Monegan also called Gov. Palin on her cell phone. "I explained to her there was no new evidence, the issue was closed. She also was unhappy with that." (7)
In February 2007, Gov. Palin herself allegedly told Monegan, "to fire Wooten because he was giving Troopers a bad name. However Monegan said he would do no such thing." (Monegan later said his actual reply was, "Ma’am, I need to keep you at arm’s length with this. I can’t deal about him with you. If need be, I can talk to Todd." ) (7)
The following year, "At the request of the court, Wooten and his ex-wife were instructed to return to re-visit the custody schedule. Once the paper work started in April of 2008, the complaints and the intimidation started all over again. Twice in the last few months complaints were filed by the governor’s office accusing Wooten of improperly using his patrol car. Both times he was visiting his kids at school and both times he had permission from his sargent. The last complaint came in May after Todd Palin saw Wooten pulling out of the school parking lot and six days later the complaint landed on Wooten’s supervisor’s desk….
A short time afterwards, it was discovered that confidential material in Wooten’s Administrative Investigation file had been released to his ex-wife and her attorney. This drew outrage from the Public Safety Union as well as the Commissioner. AI files are strictly confidential and can only be released with the written signature of the Trooper, but yet no one could explain how the detailed confidential information was released.
Reportedly, both Commissioner Monegan and Colonel Audie Halloway [Commander of the State Troopers] warned that if they found out the file was leaked by the governor’s office, they would pursue charges.
Monegan was fired by Palin’s office on July 11. Her chief of staff told Monegan that the governor wanted "to go in another direction," Monegan said. "When I was let go, I was a little surprised. There was not a warning shot or anything." (7)

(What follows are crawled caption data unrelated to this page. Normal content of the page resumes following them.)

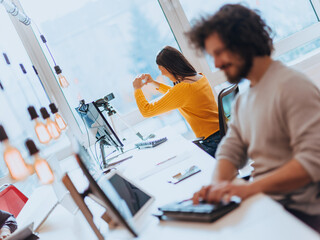 A young woman using a camera to present her business with online clients 
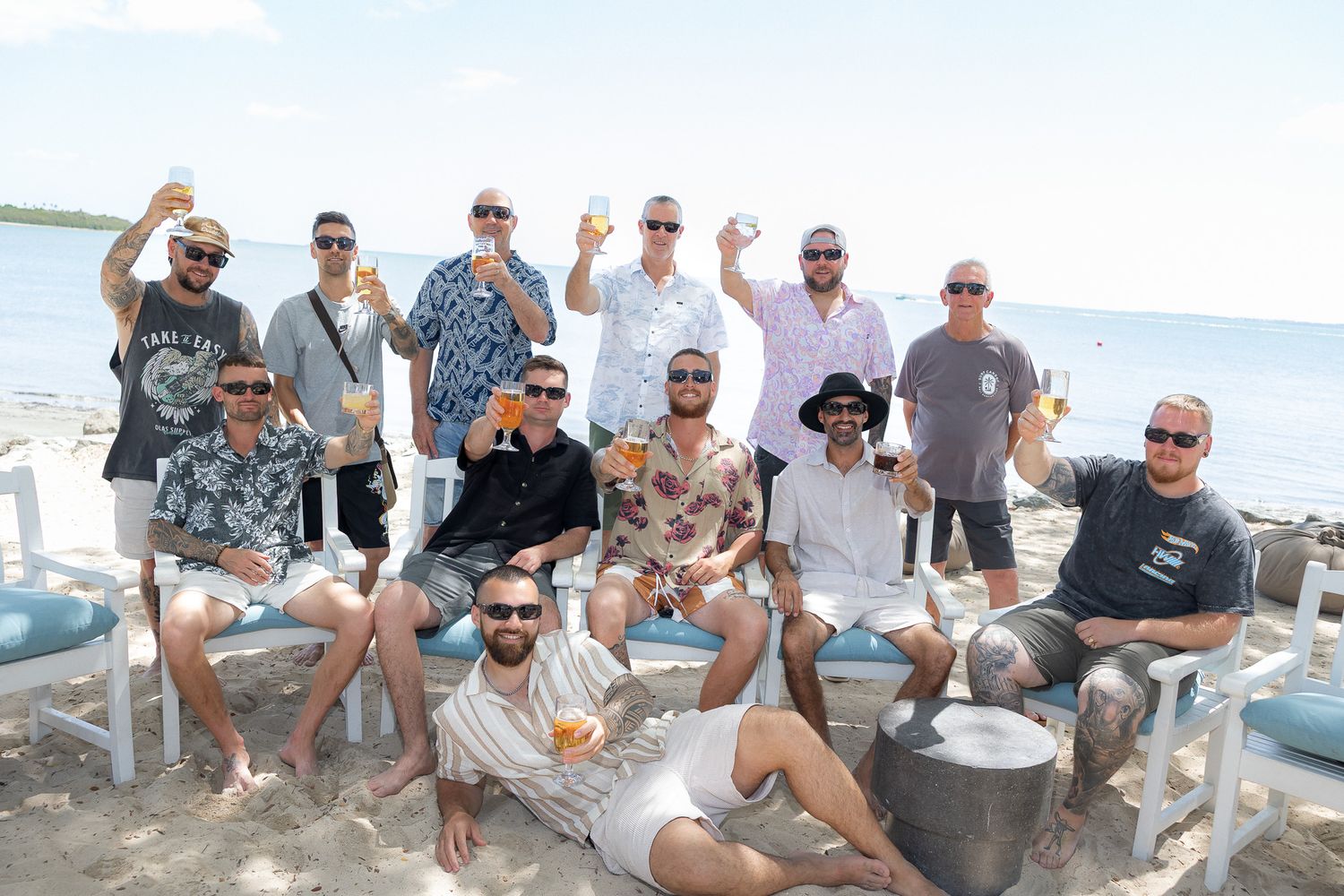 Group of men celebrating on a tropical beach, raising drinks and smiling, with white chairs and ocean in background.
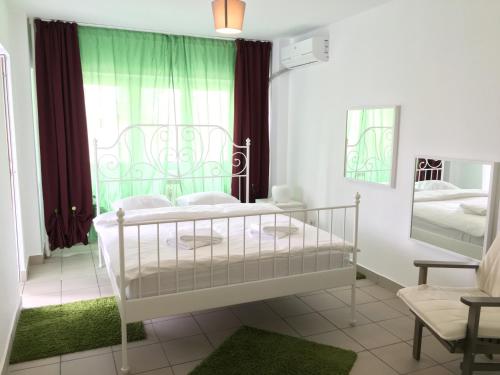 a bedroom with a white bed and a window at Green Apartment 6 in Bucharest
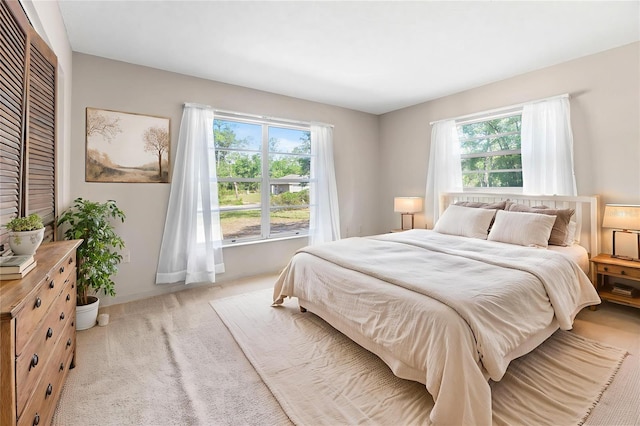 4467 SW Channel Heights Ct, Dunnellon, FL 34431 - bedroom featuring light colored carpet and baseboards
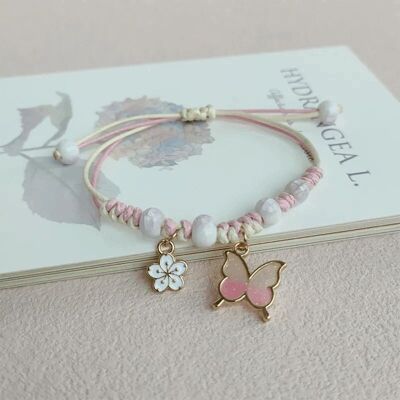 Verstellbares rosa Wunscharmband mit Schmetterling und Blume für Kinder / Freundschaftsarmband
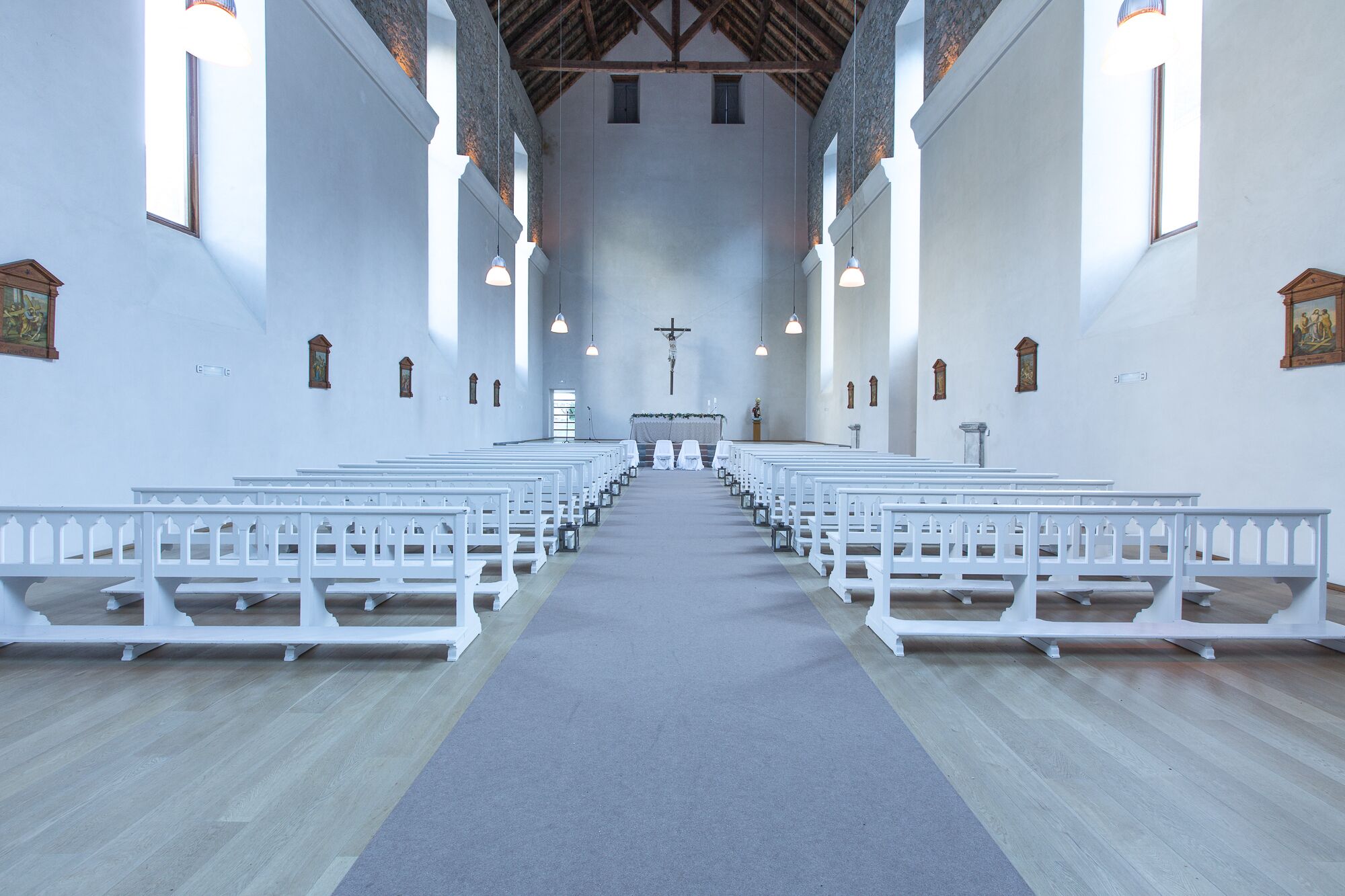 Interior de una iglesia con bancas blancas dispuestas en filas, un pasillo central que conduce al altar, y una cruz en lo alto.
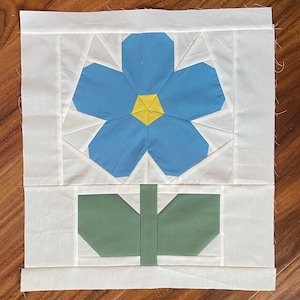 May include: A blue and yellow flower with a green stem, made from fabric squares, on a white background.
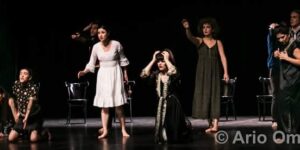 Stage photo from Nodbeh: a line of performers spreads across the stage—some kneeling, some standing barefoot—reaching and crying out with expressive gestures; scattered chairs and a black background frame the scene.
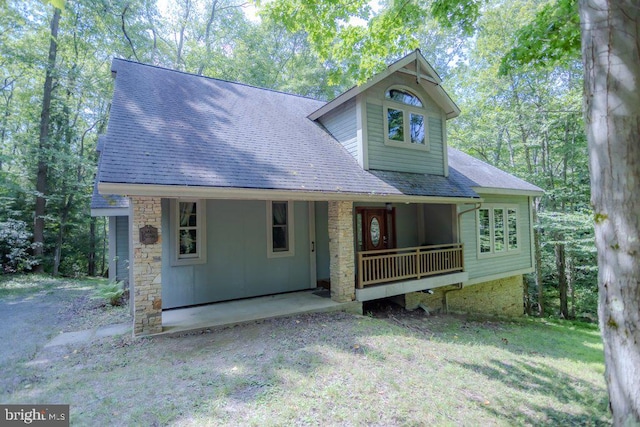 view of front of property featuring covered porch and a shingled roof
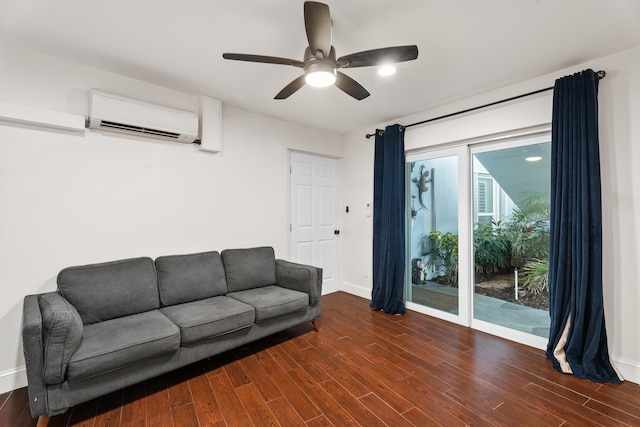 living room with a wall unit AC, dark hardwood / wood-style floors, and ceiling fan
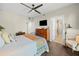 Spacious bedroom with a ceiling fan, dresser, and ensuite bathroom access at 199 Dali Blvd # 407, St Petersburg, FL 33701
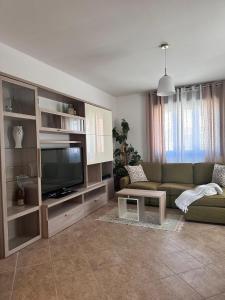 a living room with a couch and a flat screen tv at Panorama Rooms in Gesualdo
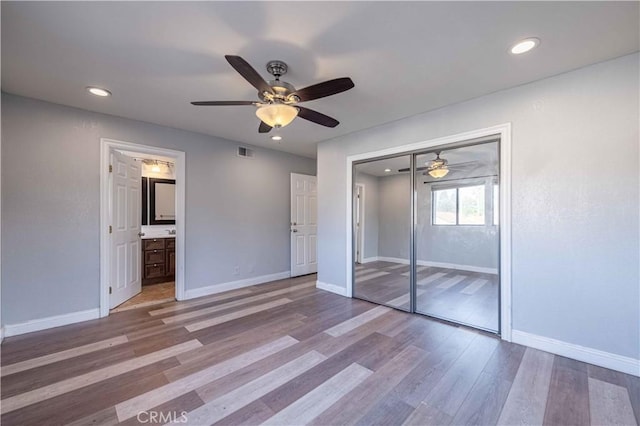 2383 Hampton Ave, Simi Valley, CA 93063 - unfurnished bedroom with wood finished floors, recessed lighting, a ceiling fan, a closet, and ensuite bathroom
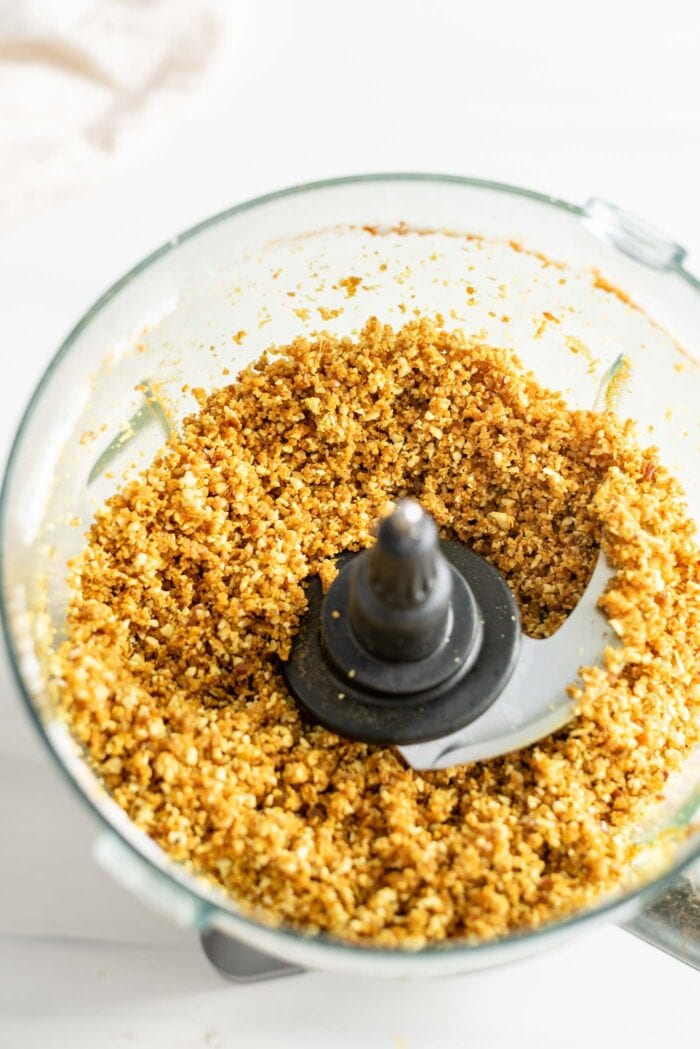 A crumbly coconut and turmeric mixture blended up in a food processor container.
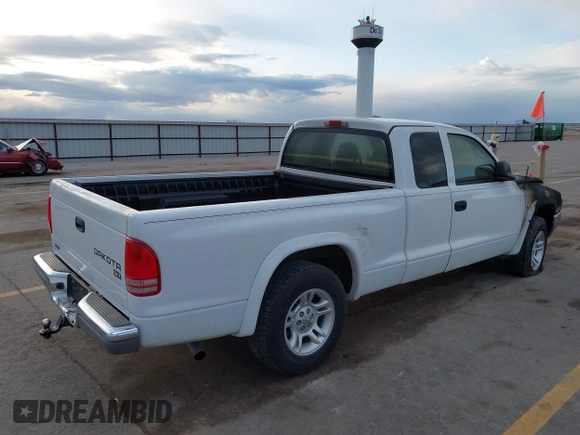 2003 Dodge Dakota SLT z VIN 1D7HL42X33S181413, wystawiony jako IAAI lot #42000892 z przebiegiem Nie podano mil oraz . Historia ofert i sprzedaży dostępna na DreamBid. Obrazek 4.
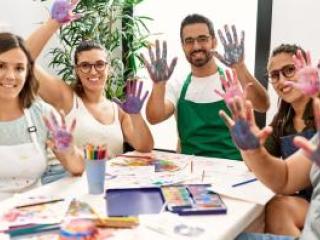 Group of art teachers around a table with paint on their hands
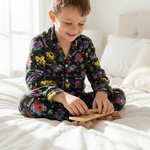 Long sleeve personalised kids pyjamas with all-over print and child's name on soft breathable fabric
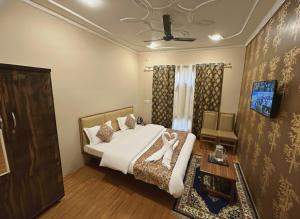 a bedroom with a bed and a table and a couch at Faizzy residency in Srinagar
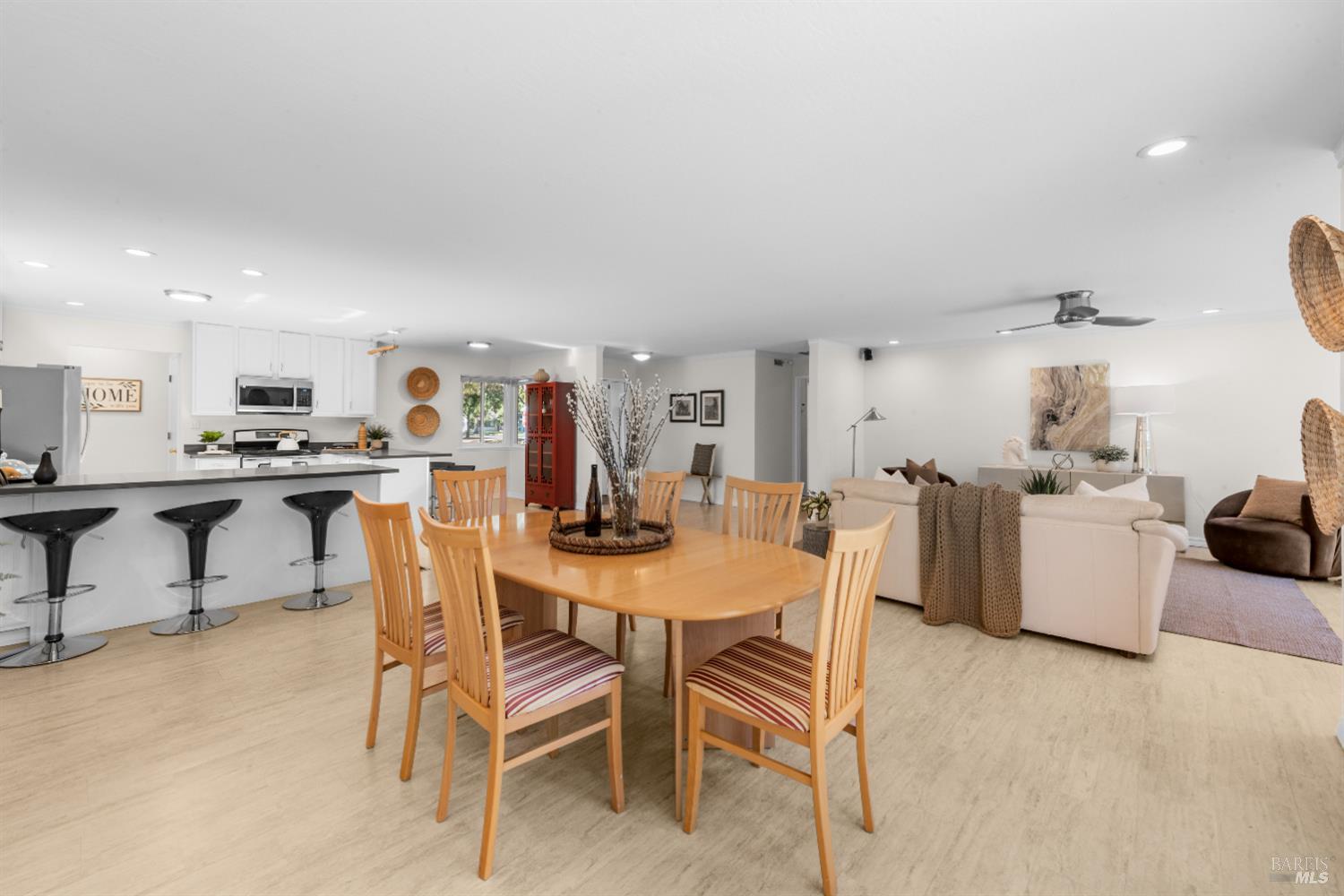 3996 Young Avenue Napa, CA 94558 - Photo 37 of 48 a view of a dining room with furniture and a kitchen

There was also no public explanation from the Governor, who was out of town. She was still out of town, and there was still no explanation for the firing, on July 15 when Monegan’s successor, Chuck Kopp, was announced.
On July 17, Halcro posted on his blog "that Monegan was fired because he disagreed with the governor on budget priorities and that he was being pressured to fire a State Trooper who happened to be Governor Palin’s ex-brother in law." The same day, "the Public Safety Employees Association, at the request of Trooper Mike Wooten, released to the media his personal file detailing the lengthy list of complaints filed against him by Governor Palin and her family." (8)
Palin responded with a public statement later in the day, declaring: "To allege that I, or any member of my family, requested, received or released confidential personnel information on an Alaska State Trooper, or directed disciplinary action be taken against any employee of the Department of Public Safety, is, quite simply, outrageous." (9)
Rumors began circulating that Halcro’s charges were politically motivated. (Halcro, a former state Republican, had run against Palin for Governor as an Independent, receiving 10% of the vote.)
However, Monegan went public the next day, telling KTUU-TV that "Todd Palin, Frank Bailey (of the Governor’s office), and Annette Krietzer, Commissioner of Administration, all pressured him to fire Wooten, which he declined to do, and he also said that he finally told the administration that the conversations about firing Wooten had to stop." (8)
On July 28, the Joint Legislative Council voted 12-0 to formally call for an investigation; which prompted Gov. Palin to tell CNBC’s Larry Kudlow that "a couple of lawmakers who weren’t happy with that decision, certainly are looking at me as a target right now." (10)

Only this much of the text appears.